I decided to do this for two reasons. The first reason is that, for years, I had to bear my Ph.D. advisor coming into the lab while I was happily coding my Pytorch model, slowly sneaking at my back, stare at my screen and say - with a disappointed look - “you should definitely do this in JAX”. The second reason is this nice blog post from Neel Gupta.
However, every time I tried to use JAX, I ended up using Flax instead, which offers a kind of object oriented interface (similar to torch). While Flax is great, it introduces additional layers of abstraction that make it similar to Pytorch and therefore I ended up wondering: “why am I doing this?”. There are other great frameworks as well, with different functionalities, like equinox (maybe closer to JAX’s original nature), but they always add “another layer”.
This time, I wanted to take a taste of bare JAX and avoid external libraries or abstractions. In this implementation, I’ve built a basic Vision Transformer entirely from scratch. Although it may not be the most efficient code, my focus is to explore JAX directly and train a small model while leveraging JAX’s core features, like vmap
and jit
, without any external frameworks.
I will cover the following topics:
- Initialization of the weights (in pure JAX it can take a while)
- Coding the ViT logic and parallelization (with
jax.vmap
) - Training with just in time (with
jax.jit
)
✋ If you are not interested in model initialization, you can just skip to the core part where we implement the model and train it.
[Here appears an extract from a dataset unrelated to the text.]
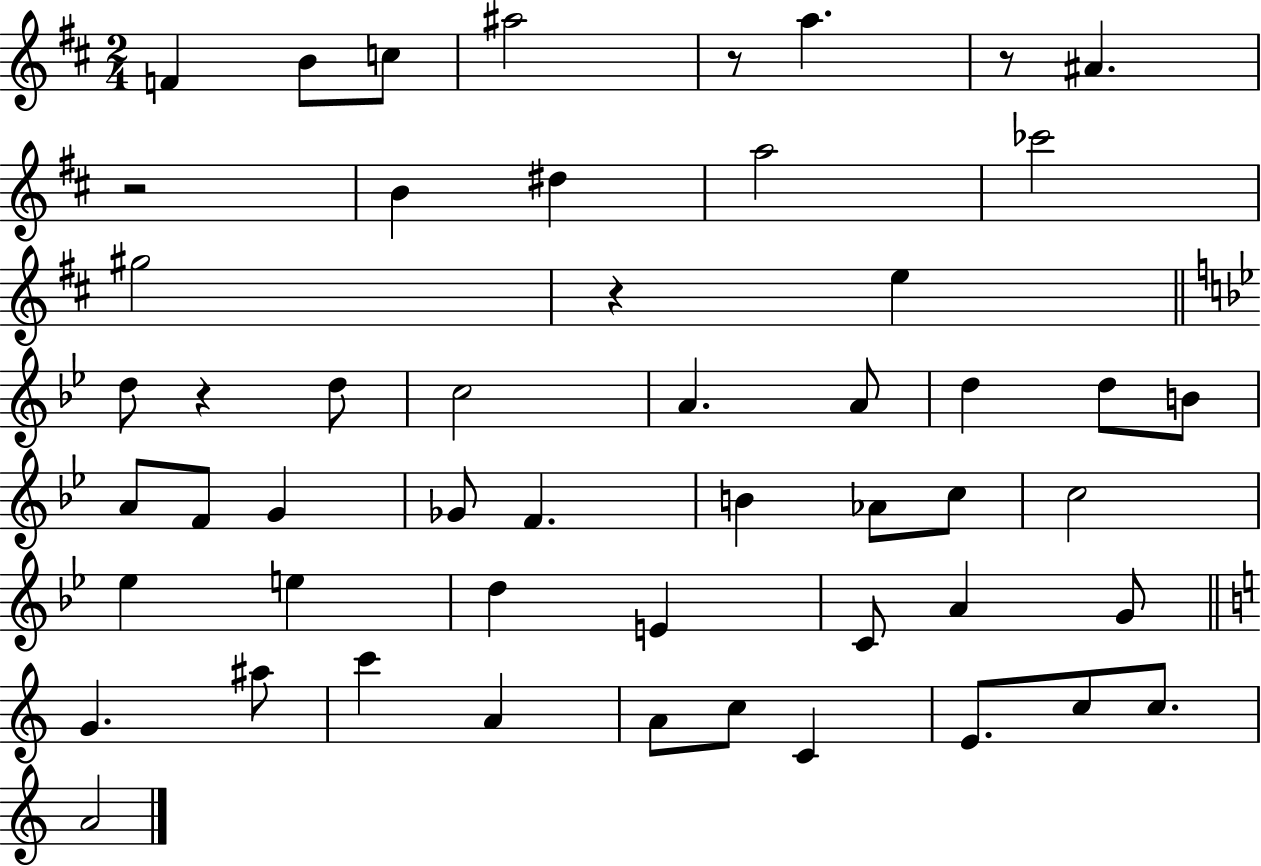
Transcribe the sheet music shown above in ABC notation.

Vision TransfomerPermalink
In the following, I assume you are already familiar with the Vision Transformer architecture. If you are not, you can take a look here. In short, ViTs split images into patches, and treat patches as tokens (like words in NLP models), processing them using transformer layers with bidirectional (non masked) attention. In this post, we’ll build a small ViT that can train on the Imagenette dataset, and you can even run it on your local machine.
Speaking of GPUs, JAX offers seamless handling of hardware acceleration. It automatically detects and utilizes available GPUs/TPUs without requiring explicit code changes.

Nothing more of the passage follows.